These developments stand out in sharp contrast to the pledge undertaken by the NWS at the time of NPT extension in 1995 that they would not use nuclear weapons against NNWS parties to the treaty. This promise was repeated by all the five NWS in the joint UN Security Council Resolution 984 (1995) which was unanimously adopted on April 11, 1995. Obviously, the undertaking was only a ploy for securing international support for the extension of the NPT and has since been forgotten. However, such actions of the NWS have only served to make the other states that do not possess nuclear weapons reconsider their approach to nuclear disarmament and to view it rather cynically in the wake of the ongoing trends.

A second factor that has diluted the Indian consensus on nuclear disarmament has been a growing feeling about the unfeasibility of the concept. Nuclear proliferation experts in the NWS have long taken shelter in the difficulties of the establishment of an NWFW on the grounds that it would be practically impossible to achieve such a state. To dismantle tens of thousands of weapons, to account for every gram of fissile material and to place it under verifiable safeguards, to verify each other’s cuts, to decommission idle military nuclear facilities, etc. are indeed activities that would stretch scientific and engineering capacities. Besides, verification of compliance with a treaty stipulating the complete destruction of nuclear arsenals is deemed to be an impossible mission and even if existing nuclear weapons were to be destroyed, the knowledge of bomb making would continue to exist. Therefore, it is considered that there can be no foolproof guarantee against the remaking of nuclear weapons. This approach has best been articulated in a US government document of 1995 which stated: “Since it is impossible to uninvent nuclear weapons or to prevent clandestine manufacture of some numbers of them, nuclear weapons seem destined to be the centrepiece of US strategic deterrence for the foreseeable future.” 6   Skepticism over the feasibility of the proposition of nuclear disarmament has naturally affected Indian sensibilities on the issue as well, giving rise to a set of people who have begun to question as to why India must strive for such a utopian ideal.

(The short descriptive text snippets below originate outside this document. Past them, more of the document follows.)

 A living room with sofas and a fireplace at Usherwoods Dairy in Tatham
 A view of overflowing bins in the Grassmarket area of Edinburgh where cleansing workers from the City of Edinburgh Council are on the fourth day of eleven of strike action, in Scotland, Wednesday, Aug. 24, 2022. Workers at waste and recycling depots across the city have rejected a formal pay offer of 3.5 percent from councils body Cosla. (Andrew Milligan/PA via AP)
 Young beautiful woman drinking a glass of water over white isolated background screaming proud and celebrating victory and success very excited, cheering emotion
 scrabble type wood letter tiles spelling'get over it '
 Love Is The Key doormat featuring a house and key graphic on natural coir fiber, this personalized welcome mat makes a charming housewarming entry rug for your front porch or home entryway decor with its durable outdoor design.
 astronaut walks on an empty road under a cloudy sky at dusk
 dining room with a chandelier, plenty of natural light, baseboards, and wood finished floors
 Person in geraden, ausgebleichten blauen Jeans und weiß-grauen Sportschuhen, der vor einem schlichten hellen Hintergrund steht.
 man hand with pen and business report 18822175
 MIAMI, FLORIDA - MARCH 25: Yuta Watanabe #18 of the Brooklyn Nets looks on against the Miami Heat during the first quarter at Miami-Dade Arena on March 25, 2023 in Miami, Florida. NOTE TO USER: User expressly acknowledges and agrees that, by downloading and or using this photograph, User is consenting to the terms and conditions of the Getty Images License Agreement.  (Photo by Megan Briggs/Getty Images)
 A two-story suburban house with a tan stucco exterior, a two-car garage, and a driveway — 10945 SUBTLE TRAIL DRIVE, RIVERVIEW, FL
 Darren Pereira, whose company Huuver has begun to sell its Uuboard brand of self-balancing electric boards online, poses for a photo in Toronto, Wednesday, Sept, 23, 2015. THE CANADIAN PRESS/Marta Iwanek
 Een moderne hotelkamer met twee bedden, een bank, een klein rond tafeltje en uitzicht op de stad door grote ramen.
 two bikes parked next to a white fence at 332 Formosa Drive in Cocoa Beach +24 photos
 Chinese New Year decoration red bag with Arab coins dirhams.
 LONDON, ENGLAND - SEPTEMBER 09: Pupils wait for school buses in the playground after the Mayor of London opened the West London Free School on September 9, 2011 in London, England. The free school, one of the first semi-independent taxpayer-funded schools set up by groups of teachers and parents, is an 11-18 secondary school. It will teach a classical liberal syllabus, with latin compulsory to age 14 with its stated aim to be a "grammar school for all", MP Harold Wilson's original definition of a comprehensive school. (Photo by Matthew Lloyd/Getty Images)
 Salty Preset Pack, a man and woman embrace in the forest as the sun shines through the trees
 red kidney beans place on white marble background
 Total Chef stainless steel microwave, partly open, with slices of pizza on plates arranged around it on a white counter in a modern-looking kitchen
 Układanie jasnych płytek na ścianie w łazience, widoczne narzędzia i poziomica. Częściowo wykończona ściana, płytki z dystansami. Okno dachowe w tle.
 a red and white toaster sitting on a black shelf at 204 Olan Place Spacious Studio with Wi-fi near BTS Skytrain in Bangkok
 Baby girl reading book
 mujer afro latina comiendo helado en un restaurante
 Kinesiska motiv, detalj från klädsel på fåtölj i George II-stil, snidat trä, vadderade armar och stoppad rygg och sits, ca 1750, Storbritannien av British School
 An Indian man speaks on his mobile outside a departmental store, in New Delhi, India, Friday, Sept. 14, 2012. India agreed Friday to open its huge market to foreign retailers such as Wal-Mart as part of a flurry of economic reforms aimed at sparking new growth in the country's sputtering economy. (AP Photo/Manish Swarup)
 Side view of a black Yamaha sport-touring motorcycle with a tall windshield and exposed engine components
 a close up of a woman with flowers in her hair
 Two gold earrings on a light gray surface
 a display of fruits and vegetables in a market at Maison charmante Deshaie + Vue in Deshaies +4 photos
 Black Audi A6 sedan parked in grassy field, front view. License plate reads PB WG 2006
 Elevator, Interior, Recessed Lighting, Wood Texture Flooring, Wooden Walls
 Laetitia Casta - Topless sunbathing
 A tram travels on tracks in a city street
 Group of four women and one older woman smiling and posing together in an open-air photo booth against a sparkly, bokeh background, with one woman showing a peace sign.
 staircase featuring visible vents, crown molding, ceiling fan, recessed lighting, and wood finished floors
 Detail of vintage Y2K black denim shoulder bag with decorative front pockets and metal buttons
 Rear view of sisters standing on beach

Yet another reason for the change could be detected in the slow takeover of idealism by realpolitik in the Indian polity. Pragmatism in foreign policy is a current international trend and India too has not been left unaffected. Nehruvian idealism has slowly been giving way to greater realism in external relations and foreign policy making. In this scheme of things then, the ideal of nuclear disarmament has taken a beating from other, more real issues of deteriorating regional security environs that are thought to be impinging upon national security. Therefore, the security dimension of nuclear policy has assumed greater sway with a consequent de-emphasis on disarmament. Also, India has seen support for its initiatives dwindling from among the ranks of the non aligned nations, further reinforcing its feeling of the impracticality of nuclear disarmament.

Why is Nuclear Disarmament Necessary for India?

Notwithstanding the above, there is still need to examine as to why India stands to gain by persevering in its pursuit of nuclear disarmament, however distant the goal may appear at present. India has long campaigned for it on the grounds of morality and humanitarianism. While this logic shall hold eternally, in the present world of realpolitik, it would be worthwhile to first argue the case for nuclear disarmament on the grounds of national security.

Nuclear Disarmament and National Security

It has been mentioned in the first section of this paper that the decision to have an overt nuclear capability was prompted by a need to enhance national security. Whether the objective has truly been met or not is still being debated. However, the point that this article wishes to make is that the national security of India would not in any way be jeopardised if universal nuclear disarmament were to come by. On the other hand, it will be enhanced. The existence of nuclear weapons complicates India’s security calculus. And this would have been even more so if others had continued to possess nuclear weapons and India had remained non-nuclear.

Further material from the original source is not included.